_Work to complete_
What you write should match, word for word, the lines from the one containing "dzielnica Oba 10" through the end of the data, with no pictures.

_Task input_
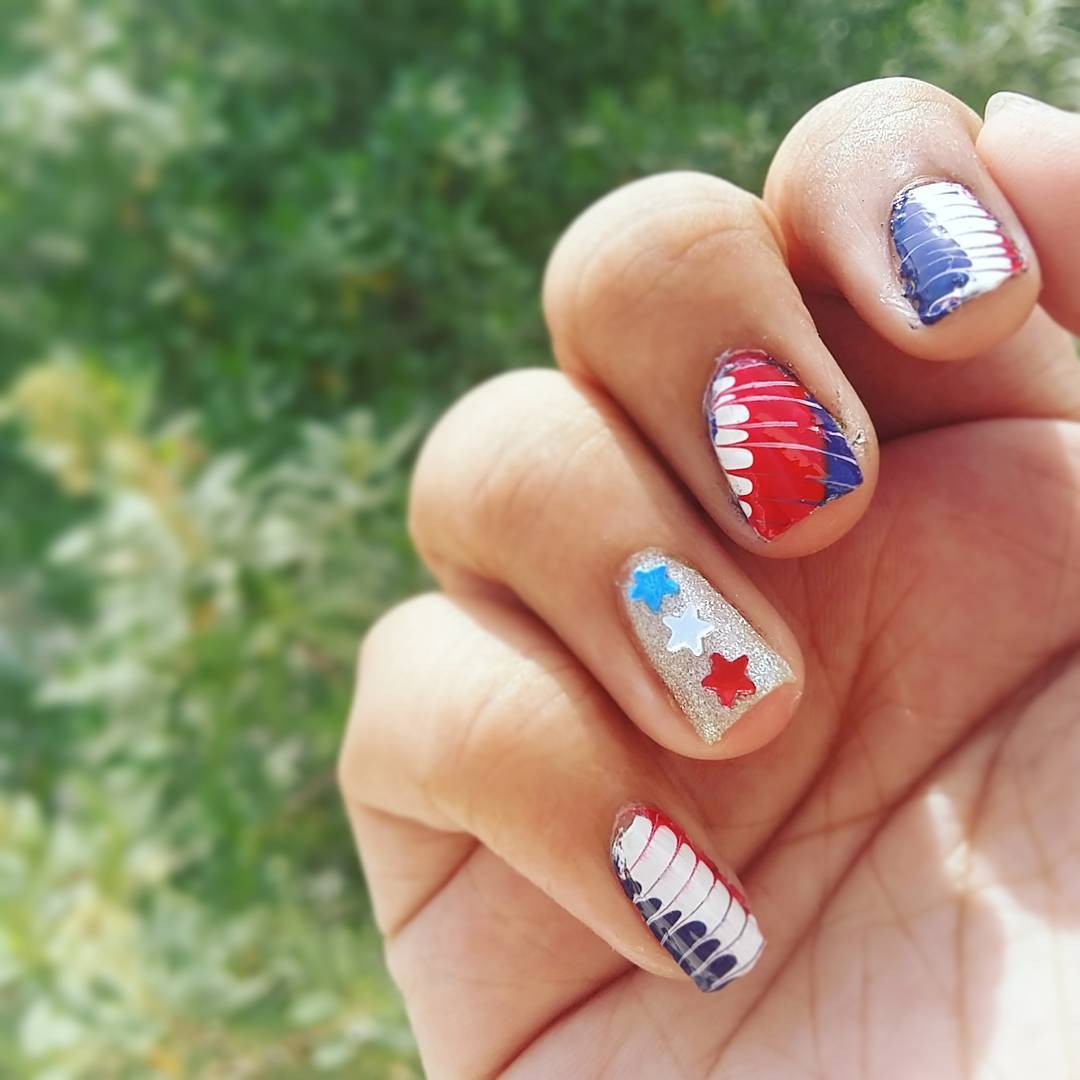 My nail art for 4th of July 😊 using dry marble method 😁😁😁 #nailartinspo #nailart #nailart #nailartclub #nailartaddict #nailartvideos #nailarttutorial #4thjulynails #independencedaynails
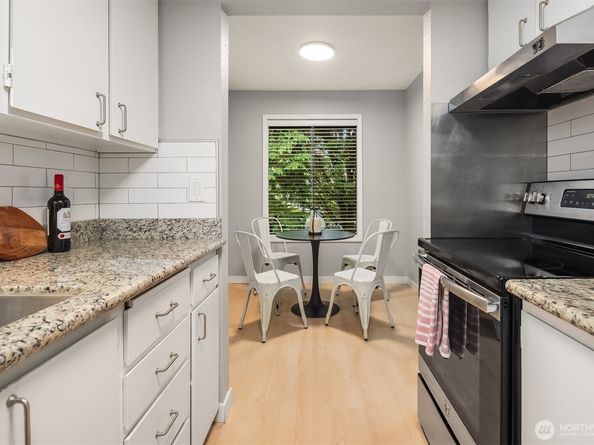 12023 100th Avenue NE C4, Kirkland WA 98034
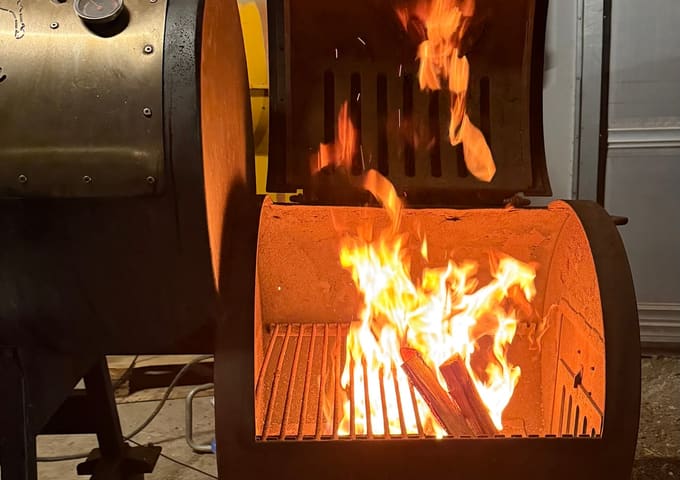 Smoker wird angeheizt — Feuer lodert
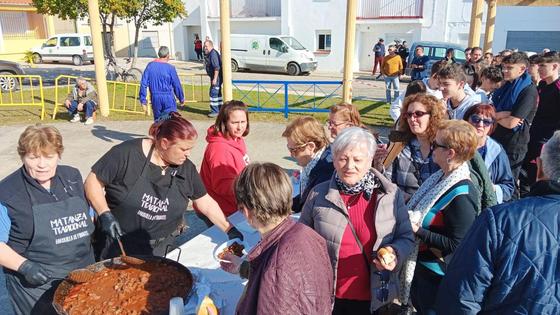 Barquilla de Pinares celebra su tradicional matanza anual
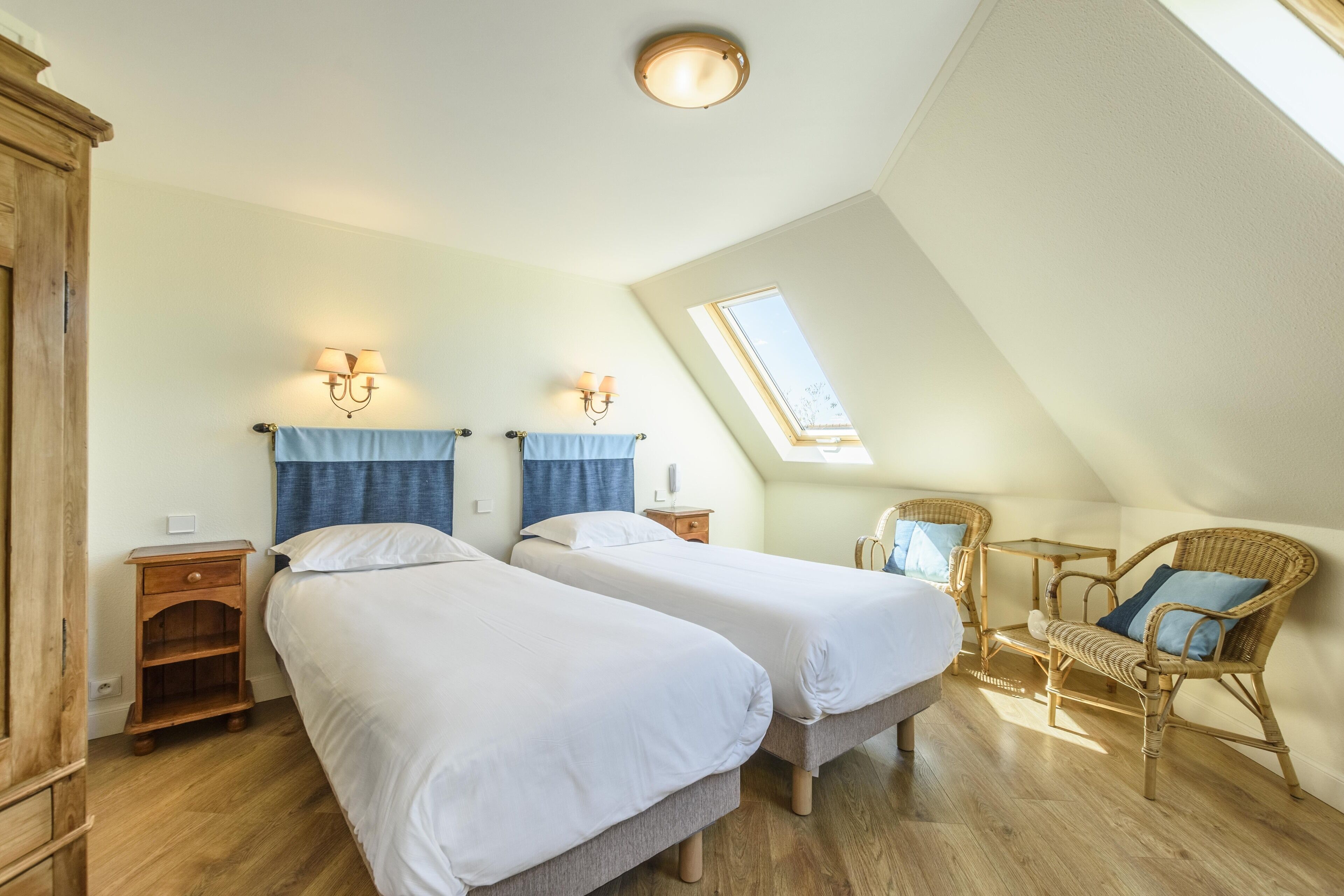Ropa de cama de alta calidad, wifi gratis, ropa de cama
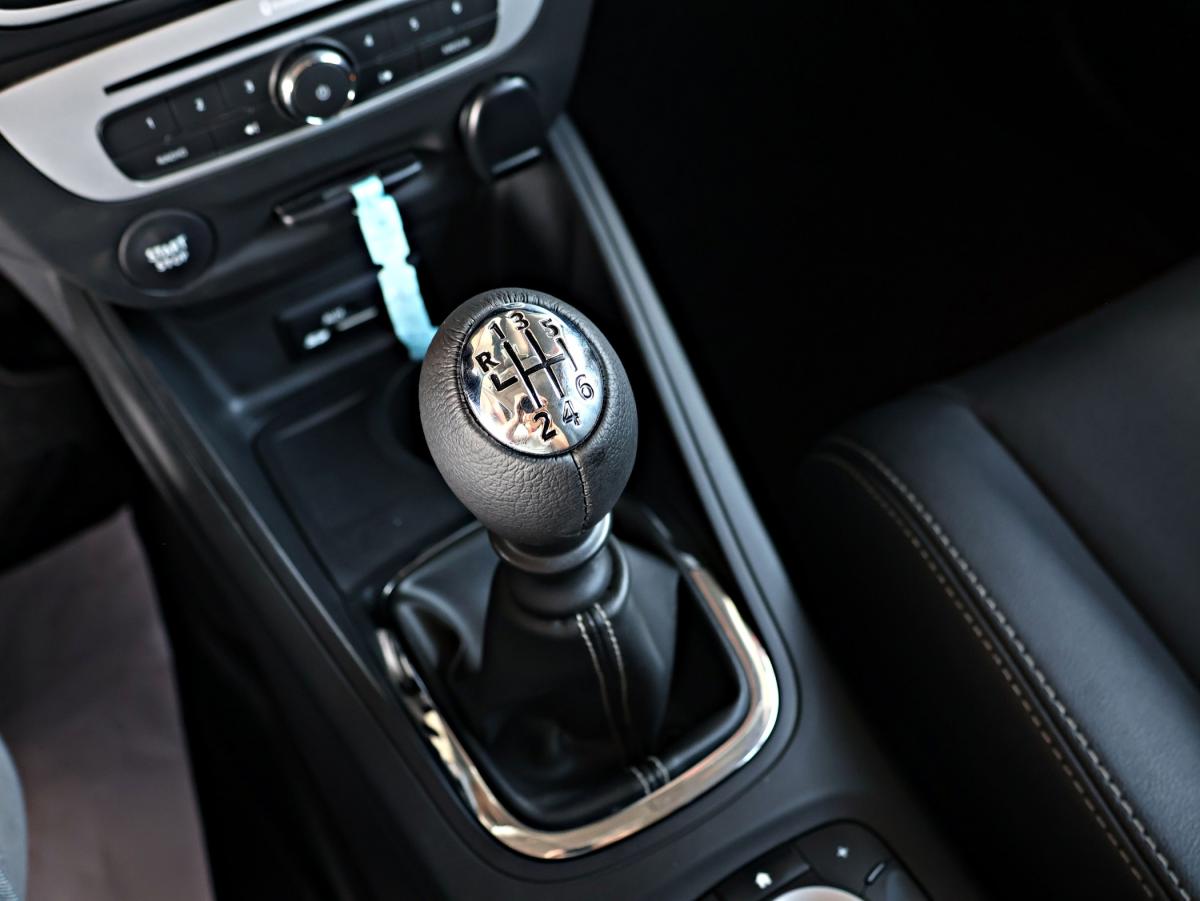 renault-megane-sport-tourer-2014-diesel-1461cc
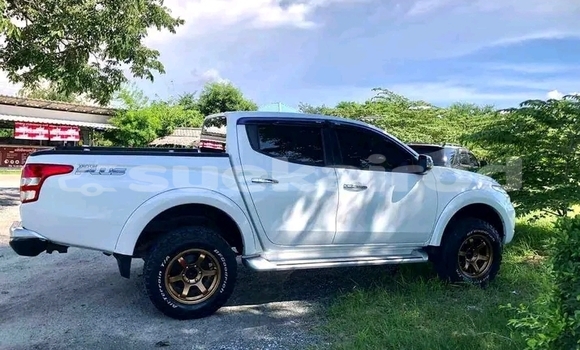 ซื้อ รถมือสอง Mitsubishi Triton ขาว รถยนต์ ใน %{เมือง} ใน กรุงเทพมหานคร ซื้อ รถมือสอง Mitsubishi Triton ขาว รถยนต์ ใน %{เมือง} ใน กรุงเทพมหานคร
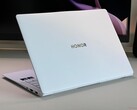 1 kg-os Ultrabook Arrow Lake és kiváló beviteli eszközökkel - Honor MagicBook Art 14 2025 felülvizsgálat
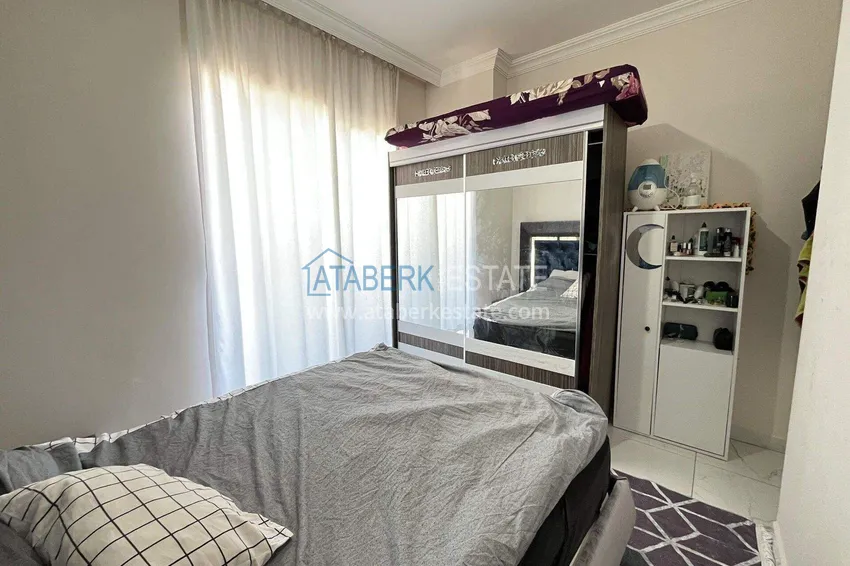 Kupuj  Mieszkanie 2+1 w Alanyi na zezwolenie na pobyt i obywatelstwo - meble, przeszklony balkon, dzielnica Oba 10 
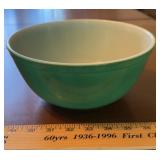 9ï¿½ PYREX MIXING BOWL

_Task answer_
 Kupuj  Mieszkanie 2+1 w Alanyi na zezwolenie na pobyt i obywatelstwo - meble, przeszklony balkon, dzielnica Oba 10 
 9ï¿½ PYREX MIXING BOWL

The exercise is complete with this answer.